Il primo tentativo al mondo di una tassa globale sul carbonio per il settore della navigazione marittima si è bloccato dopo che gli Stati Uniti si sono opposti aggressivamente all’accordo, ritardando di fatto l’attuazione di almeno un anno. Il quadro, progettato per ritenere i caricatori responsabili delle emissioni di gas serra e finanziare gli sforzi di decarbonizzazione, era pronto per l’approvazione da parte dell’Organizzazione marittima internazionale (IMO) – l’organismo delle Nazioni Unite che regola il trasporto marittimo globale – prima che la pressione degli Stati Uniti facesse deragliare il processo.
Il quadro proposto: un sistema unico nel suo genere
Il sistema proposto avrebbe imposto tasse sulle navi che superavano determinate soglie di emissione, incanalando le entrate in un fondo per carburanti più puliti e progetti di decarbonizzazione, in particolare nei paesi in via di sviluppo. Questa mossa è stata sostenuta dalla maggioranza degli Stati membri delle Nazioni Unite e dallo stesso settore marittimo, che hanno cercato un ambiente normativo standardizzato. L’industria, avendo goduto di profitti record – oltre 340 miliardi di dollari dal 2019 al 2023 – ha riconosciuto la necessità di regole coerenti, piuttosto che di un mosaico di regolamenti unilaterali.
Opposizione americana: minacce e ritorsioni
Ad aprile, l’amministrazione Trump si è ritirata dai negoziati e ha iniziato a fare pressione su altre nazioni affinché abbandonassero l’accordo. L’amministrazione ha esplicitamente minacciato tariffe, restrizioni sui visti, tasse portuali e sanzioni contro i paesi che votano a favore del quadro. Il presidente Trump ha pubblicamente respinto la proposta definendola una “nuova tassa-truffa verde globale sulle spedizioni marittime”.
La tattica ha funzionato.

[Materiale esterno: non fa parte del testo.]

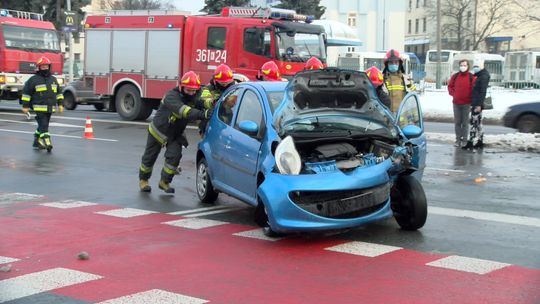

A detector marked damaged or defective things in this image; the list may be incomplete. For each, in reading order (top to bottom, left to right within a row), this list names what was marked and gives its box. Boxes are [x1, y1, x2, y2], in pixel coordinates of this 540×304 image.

damaged blue car [196, 68, 428, 235]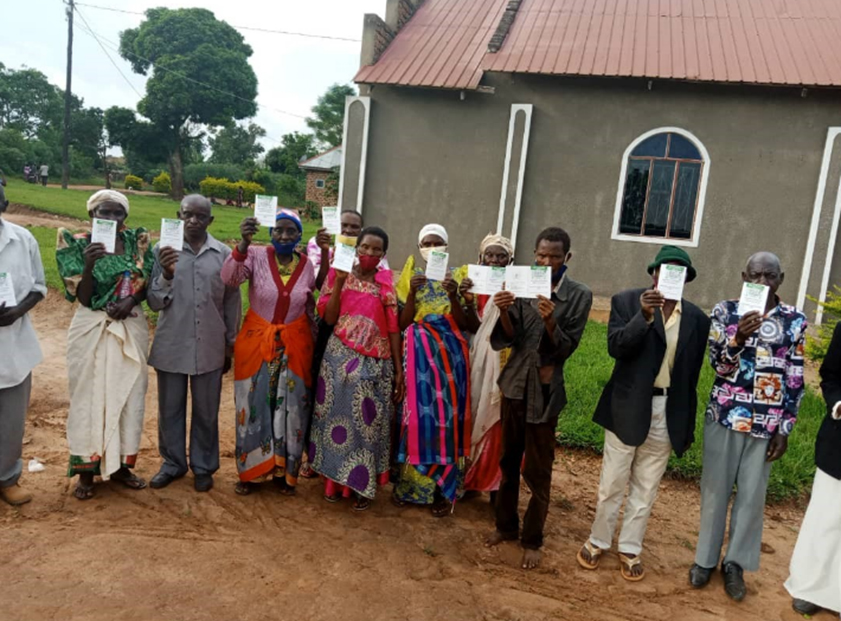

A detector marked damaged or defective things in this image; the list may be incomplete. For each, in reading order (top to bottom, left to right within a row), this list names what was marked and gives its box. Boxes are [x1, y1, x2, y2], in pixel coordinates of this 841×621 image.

rusty metal roof [354, 0, 841, 91]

Alla riunione dell’IMO della scorsa settimana, l’Arabia Saudita ha chiesto un rinvio per un anno, ottenendo un voto favorevole di 57 voti favorevoli, 49 contrari e 21 astensioni. Ciò significa che non verrà presa alcuna decisione formale sul quadro dello zero netto per almeno un altro anno.
Perché è importante: una battuta d’arresto per l’azione per il clima
Il fallimento dei negoziati dell’IMO sottolinea la fragilità della cooperazione internazionale sul clima. Il settore marittimo rappresenta circa il 3% delle emissioni globali – una cifra significativa, dato che gestisce il 90% del commercio mondiale. Senza un quadro unificato, gli sforzi per decarbonizzare il settore rimarranno probabilmente frammentati, ritardando progressi significativi.
L’intervento degli Stati Uniti costituisce anche un preoccupante precedente per i futuri negoziati sul clima, incoraggiando potenzialmente simili tattiche ostruzionistiche in occasione di prossimi eventi come la COP30 in Brasile. Il metodo del ritardo e dell’offuscamento, una volta vincente all’IMO, potrebbe ora essere implementato più facilmente altrove.
Gli sforzi locali continuano, ma non sono sufficienti
Nonostante la battuta d’arresto, alcune città e porti stanno procedendo con iniziative locali di decarbonizzazione, come corridoi marittimi verdi e standard di emissione più severi. Tuttavia, questi sforzi da soli non risolveranno il problema principale delle emissioni del settore: le enormi navi ad alto consumo di carburante che dominano il commercio globale.
“Il modo in cui stiamo reagendo è che le città continuano a realizzare una transizione marittima giusta, nonostante quello che è successo all’IMO la scorsa settimana,” ha dichiarato Alisa Kreynes, direttrice dei porti e del programma di spedizione presso C40.
In definitiva, il fallimento nel garantire una tassa globale sul carbonio rappresenta un duro colpo al multilateralismo climatico ed evidenzia le sfide del coordinamento dell’azione internazionale in un mondo politicamente polarizzato.